Web page caption snippets

*** Block opens ***

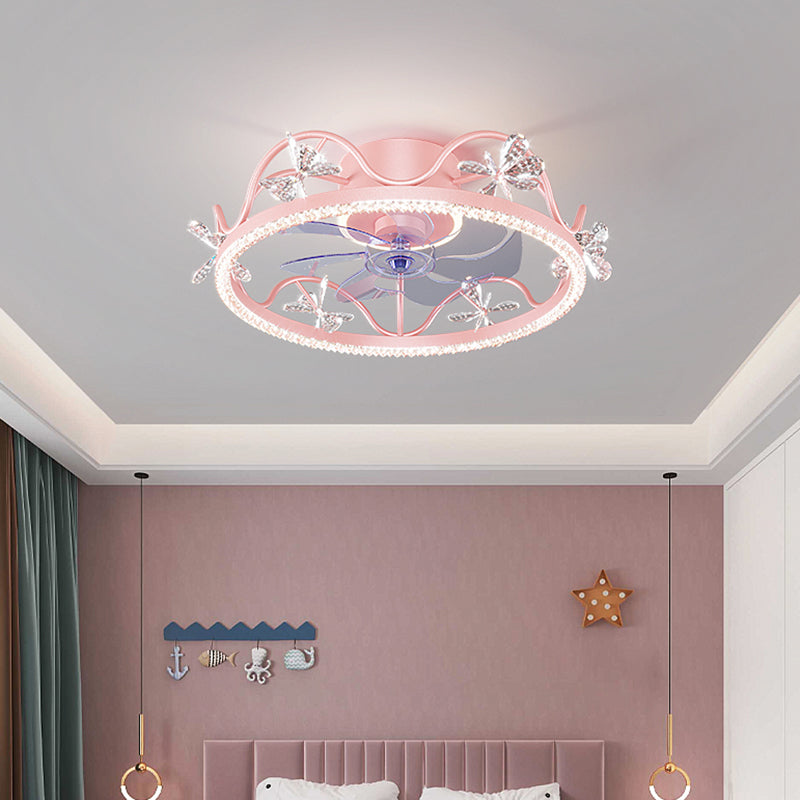Multi Light Ceiling Fan Light Modern Style Metal Ceiling Fan Light for Children's Room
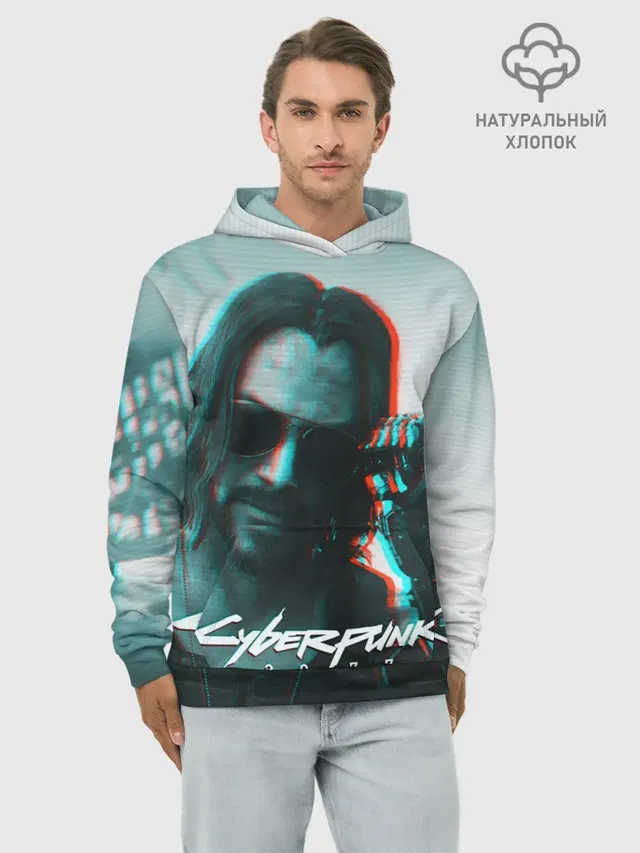 Худи мужской базовый хлопок с принтом «Cyberpunk 2077»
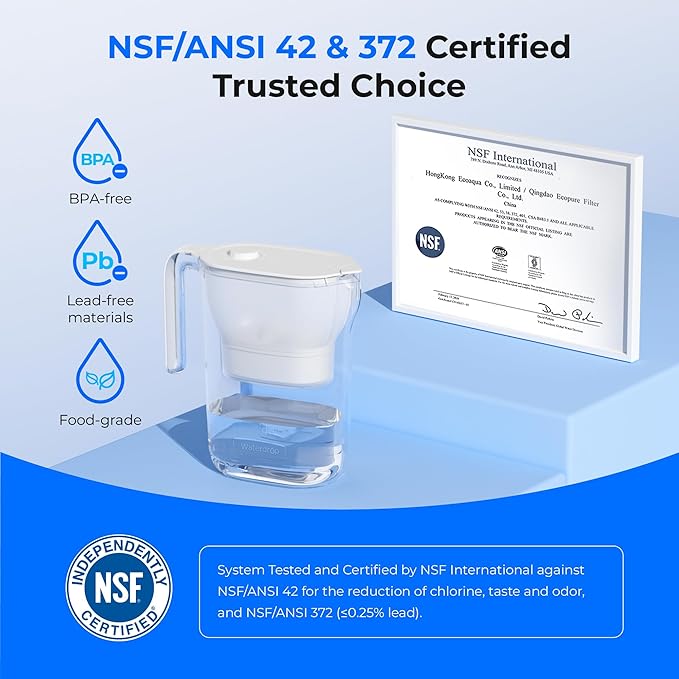 Waterdrop PT-05W-L Water Filter Pitcher, NSF Certified, 200-Gallon Long-Life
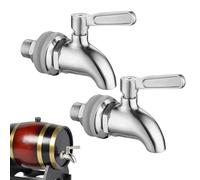 PRITOK Juego de 2 grifos de acero inoxidable: 12 mm, giratorio 304, grifo de repuesto para dispensador, barril de cerveza, vino, zumo y recipiente de cristal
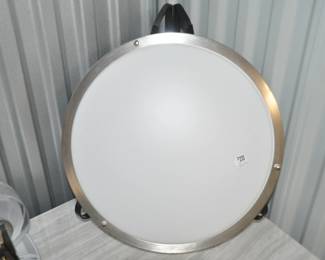 16" Flush Mounted Ceiling Fixture in Satin Silver and Frosted Molded Plastic, ($20).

*** Block closes ***

What to work on:
Exact copies of the lines from the one containing "Waterdrop PT-05W-L Water" through the end of the records above are required, with no pictures among them.

Solution to this problem:
 Waterdrop PT-05W-L Water Filter Pitcher, NSF Certified, 200-Gallon Long-Life
 PRITOK Juego de 2 grifos de acero inoxidable: 12 mm, giratorio 304, grifo de repuesto para dispensador, barril de cerveza, vino, zumo y recipiente de cristal
 16" Flush Mounted Ceiling Fixture in Satin Silver and Frosted Molded Plastic, ($20).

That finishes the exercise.